3. O dinheiro oferecido sem nada em troca
Quando tivemos a Avaliação Externa na nossa escola, vi-me, pela primeira vez, confrontado com o conceito de custo por aluno. Neste caso, uns 6000 euros anuais por cada um. Ou seja, o Estado, cujo fundo de maneio vem da remuneração de todos nós, oferece 6000 euros, por aluno, às famílias que têm os filhos a estudar na nossa escola. Oferece, mas não pede nada em troca. Não pede esforço, nem dedicação, nem sucesso, nem sequer comportamentos adequados. A maior parte dos pais não paga 6000 euros de IRS ao Estado, nem nada que se pareça. Pelo que se trata, efectivamente, de uma oferta. Um exemplo. Um aluno entra para o 7º ano e o Estado paga-lhe 6000 euros para andar gratuitamente na escola. O aluno, que descobriu que os pais não se importam muito com o seu sucesso escolar ou que não mostraram autoridade suficiente para o obrigar a ter aproveitamento, chega ao fim do ano lectivo e fica retido. O Estado, generoso quanto baste, chega-se à frente com outros 6000 euros para o ano lectivo seguinte. A estória repete-se, com nova e lamentável retenção. Os pais, entretanto, já descobriram que o filho ficou retido, pela segunda vez, por vingança e/ou perseguição dos professores, claro. Pelo terceiro ano consecutivo, o Estado entra com outros 6000 euros. A escola tenta dar a volta à situação, com uma transição por baixo da mesa, perante o ar de gozo e de desplante do aluno (e dos pais, já agora). Com jeito, talvez integre uma turma de PCA, ou um CEF, ou outra alternativa qualquer que, pela dimensão das turmas, sugere um custo por aluno muito superior aos dos alunos aplicados e cumpridores. Nunca o Estado encosta o aluno e os respectivos pais à parede e lhes pede contas pelo esbanjamento dos 6000 euros. Nunca! Mas era bom que se fizessem contas à vida e se contabilizasse o dinheiro que foi literalmente atirado ao lixo pelas famílias que não obrigaram os seus filhos a estudar e a ter aproveitamento. Como se isso não bastasse, quantos destes desperdícios não estiveram (e estão, e vão continuar a estar) associados directamente ao prejuízo dos alunos que querem aprender (ou cujos pais os obrigam a aprender)? Contas, precisam-se. Felizmente, este Estado descobriu o remédio para que nunca mais seja necessário fazer este tipo de contas e muito menos encontrar soluções: a milagrosa abolição das retenções. Mais um passe de mágica.
A não perder a leitura de todo o texto aqui.

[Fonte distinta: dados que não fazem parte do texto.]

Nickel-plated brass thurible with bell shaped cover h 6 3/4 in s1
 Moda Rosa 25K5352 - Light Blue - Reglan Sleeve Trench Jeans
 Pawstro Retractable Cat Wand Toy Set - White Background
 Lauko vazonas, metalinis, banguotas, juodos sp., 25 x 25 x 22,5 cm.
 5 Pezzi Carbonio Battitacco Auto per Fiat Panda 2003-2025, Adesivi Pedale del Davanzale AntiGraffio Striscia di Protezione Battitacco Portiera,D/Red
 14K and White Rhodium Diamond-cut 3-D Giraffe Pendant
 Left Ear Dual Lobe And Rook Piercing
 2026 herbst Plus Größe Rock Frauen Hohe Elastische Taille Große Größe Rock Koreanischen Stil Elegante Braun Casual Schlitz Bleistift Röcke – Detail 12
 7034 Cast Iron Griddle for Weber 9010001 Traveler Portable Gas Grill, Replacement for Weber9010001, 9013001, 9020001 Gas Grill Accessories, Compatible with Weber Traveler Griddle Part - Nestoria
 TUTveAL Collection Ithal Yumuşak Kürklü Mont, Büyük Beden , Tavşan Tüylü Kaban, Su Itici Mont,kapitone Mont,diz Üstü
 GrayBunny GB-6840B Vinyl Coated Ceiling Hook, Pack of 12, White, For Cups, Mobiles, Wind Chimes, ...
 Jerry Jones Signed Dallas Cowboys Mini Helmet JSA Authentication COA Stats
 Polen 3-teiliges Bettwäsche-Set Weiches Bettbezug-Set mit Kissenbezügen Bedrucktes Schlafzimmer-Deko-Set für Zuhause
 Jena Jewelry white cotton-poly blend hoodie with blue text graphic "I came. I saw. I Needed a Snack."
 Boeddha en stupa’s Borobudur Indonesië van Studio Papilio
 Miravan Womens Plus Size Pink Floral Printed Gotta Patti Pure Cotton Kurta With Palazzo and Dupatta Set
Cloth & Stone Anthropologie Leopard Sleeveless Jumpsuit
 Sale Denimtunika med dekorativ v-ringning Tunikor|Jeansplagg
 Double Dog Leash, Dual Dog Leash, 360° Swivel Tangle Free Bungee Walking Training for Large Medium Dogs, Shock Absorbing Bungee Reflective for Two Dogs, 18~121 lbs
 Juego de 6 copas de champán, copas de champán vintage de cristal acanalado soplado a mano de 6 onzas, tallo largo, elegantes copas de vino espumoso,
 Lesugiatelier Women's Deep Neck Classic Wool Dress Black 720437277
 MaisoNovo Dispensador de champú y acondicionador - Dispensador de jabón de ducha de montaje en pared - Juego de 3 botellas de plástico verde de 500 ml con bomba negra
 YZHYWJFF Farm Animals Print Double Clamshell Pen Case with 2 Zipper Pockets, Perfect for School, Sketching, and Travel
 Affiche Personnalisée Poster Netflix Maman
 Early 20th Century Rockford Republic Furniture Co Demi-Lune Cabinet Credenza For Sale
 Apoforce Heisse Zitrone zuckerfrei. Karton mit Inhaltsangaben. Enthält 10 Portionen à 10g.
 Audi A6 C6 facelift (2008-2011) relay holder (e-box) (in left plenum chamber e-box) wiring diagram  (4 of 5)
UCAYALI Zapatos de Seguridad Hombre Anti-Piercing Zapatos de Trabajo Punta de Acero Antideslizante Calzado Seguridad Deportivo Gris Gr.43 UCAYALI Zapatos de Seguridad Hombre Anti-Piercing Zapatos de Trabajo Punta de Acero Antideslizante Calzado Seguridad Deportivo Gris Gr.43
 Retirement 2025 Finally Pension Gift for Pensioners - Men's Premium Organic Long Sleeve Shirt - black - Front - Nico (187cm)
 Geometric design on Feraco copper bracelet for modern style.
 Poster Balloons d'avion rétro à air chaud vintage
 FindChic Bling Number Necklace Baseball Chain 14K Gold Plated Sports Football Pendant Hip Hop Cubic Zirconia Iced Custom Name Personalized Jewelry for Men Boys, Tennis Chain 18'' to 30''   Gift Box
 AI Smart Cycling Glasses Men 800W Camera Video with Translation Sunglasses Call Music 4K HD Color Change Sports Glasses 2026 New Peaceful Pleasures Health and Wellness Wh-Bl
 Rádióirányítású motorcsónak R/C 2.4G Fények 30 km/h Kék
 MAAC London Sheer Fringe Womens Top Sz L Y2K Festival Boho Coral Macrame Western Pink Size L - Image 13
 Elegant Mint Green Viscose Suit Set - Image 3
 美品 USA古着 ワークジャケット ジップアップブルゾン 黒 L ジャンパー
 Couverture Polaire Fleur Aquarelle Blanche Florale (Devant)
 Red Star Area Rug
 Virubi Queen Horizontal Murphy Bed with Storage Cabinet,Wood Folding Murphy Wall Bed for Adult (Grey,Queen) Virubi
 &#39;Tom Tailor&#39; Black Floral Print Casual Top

quinta-feira, 12 de março de 2009

Parabéns à GALP

No ano passado, para ir ver os meus pais (o que faço uma vez por mês), cheguei a gastar (um depósito de gasolina) 74€. Para ir trabalhar, encho o depósito de 10 em 10 dias. Enquanto isso, ouvia nas notícias a queda do preço do petróleo. Parabéns a mim também pelo meu contributo.

segunda-feira, 16 de outubro de 2006

Despesas/Poupanças


Despesa da Educação equivale a 3,7% do PIB
A despesa do Ministério da Educação contemplada na proposta de OE para 2007 é de 5,8 milhões de euros.

A despesa do Ministério da Educação contemplada na proposta de OE para 2007 é de 5,8 milhões de euros.
De acordo com o Governo este valor representa um corte de 4,2% face a 2206, correspondendo a 3,7% do PIB e a 10,7% das despesas da Administração Central.
Esta variação, de acordo como documento "resulta do efeito conjugado de um decréscimo nas despesas de funcionamento cobertas com receitas gerais com incidência relevante no ensino básico e secundário e nos investimentos do plano e de um acréscimo nas despesas com a educação pré-escolar. O decréscimo foi possível sobretudo pela introdução de medidas na organização e gestão dos recursos educativos".
Que rica gestão: sobrecarregar quem cá está e deixar no desemprego quem cá esteve anos e anos; congelar ad eternum a progressão de todos. É fácil, barato e dá milhões.
Amanhã e quarta vou dar mais uns trocos ao Ministério, para os ajudar a não enterrar definitivamente o sistema público de educação.